# Nightmares about my hedgehog



## Dgameman1 (Oct 18, 2014)

I've officially had a few nightmares about my hedgehog, Paul. 
I've officially realized that I need to stop having such anxiety about him. 

1. In my dreams, he bites me all the time and I'm super scared of him biting me.
2. His poo is super thin and cartoonishly long. 
3. He keeps sneezing. 

Any tips for reducing the worry I have about my hedgehog ;(?


----------



## DesireeM81 (Jun 14, 2014)

Time. I'm still a nervous wreck and if I hear something unusual I am up with a flashlight checking on everyone. But you get used to it over time. In the same way that parents with children have nightmares, I feel the same way about all my animals.

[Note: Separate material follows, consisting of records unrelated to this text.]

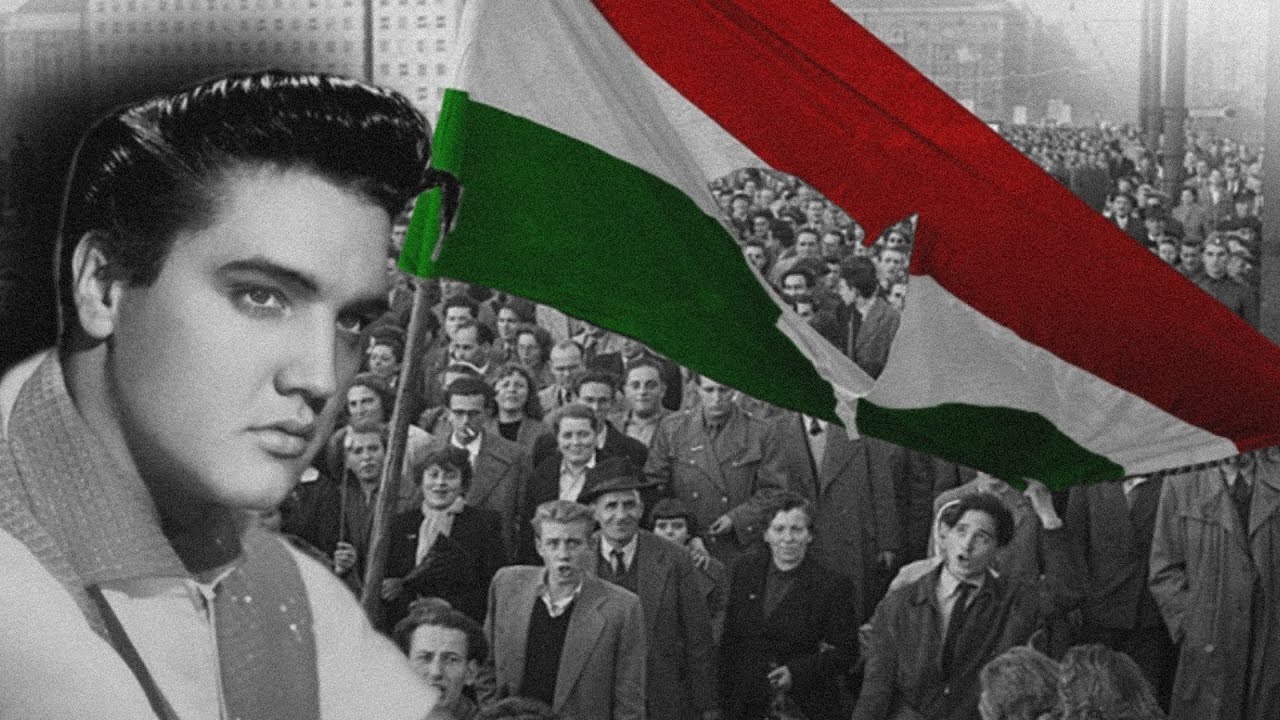 Elvis Presley - Peace In The Valley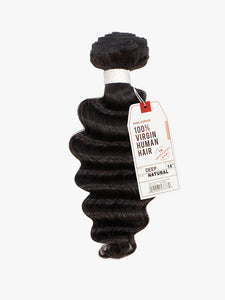 Sensationnel 7A DEEP Human Hair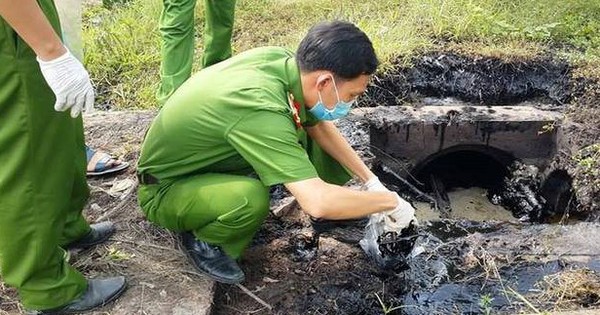 Đề xuất nâng mức hình phạt tù, tiền đối với tội phạm về môi trường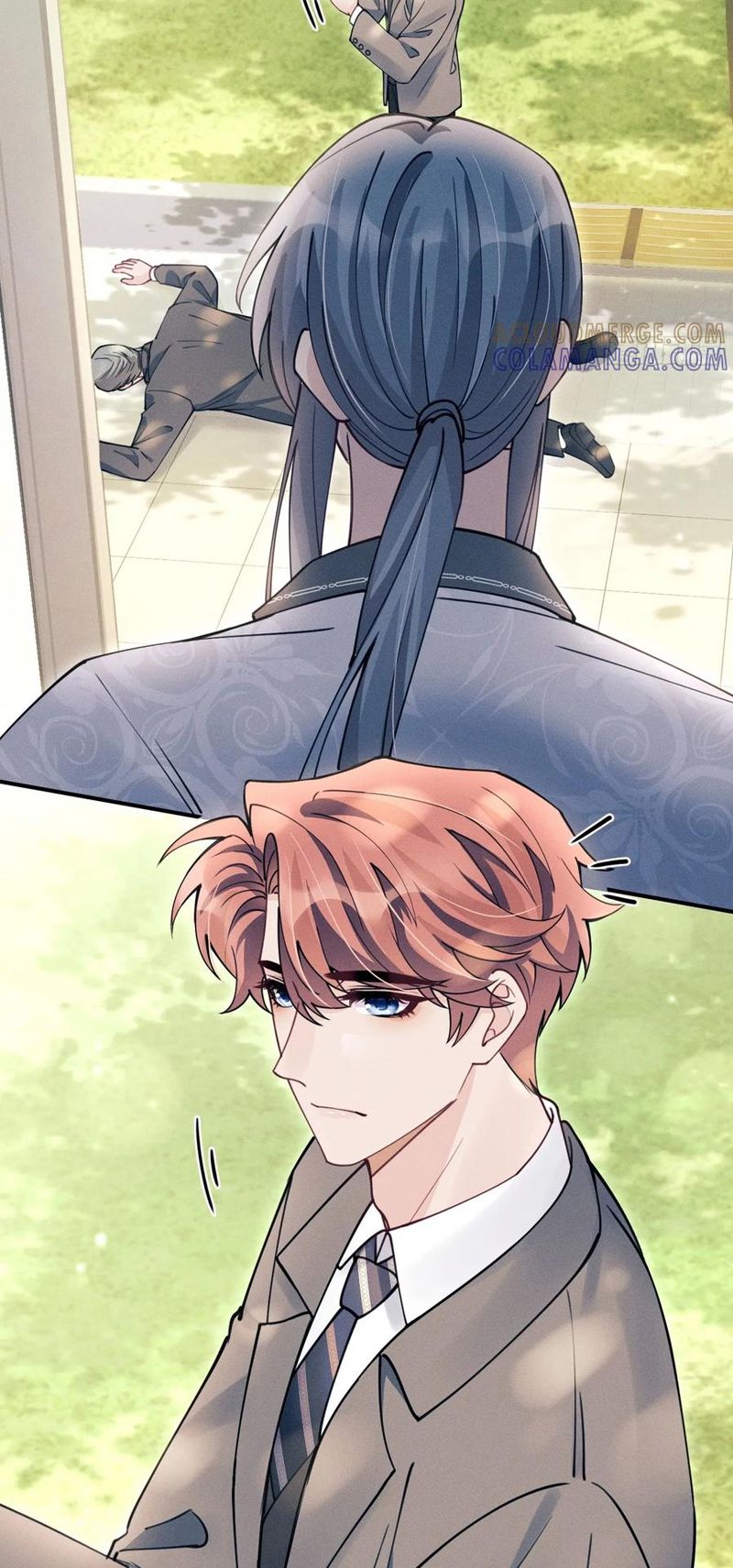 Tôi Hoài Nghi Ảnh Đế Đang Theo Đuổi Tôi Chap 203 - Next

Also - I had a dream that someone developed plastidip safe for hedgehogs and breeders started diping hedgehog quills in the plastidip and on the points they would form balls like on hair brushes so hedgehogs looked like hairbrushes when all quilled up. It was weird. :???:


----------



## ashleyyy (Sep 22, 2014)

I used to always have nightmares of Ellie attempting to hibernate. I can totally relate. Hopefully it will just get better in time! Anything you can do to fix whatever it is you are so afraid of? Once Ellie got her CHE, my nightmares stopped.


----------



## Tongue_Flicker (Jun 11, 2013)

Haha! I used to have hedgie dreams too.. I'm over it now


----------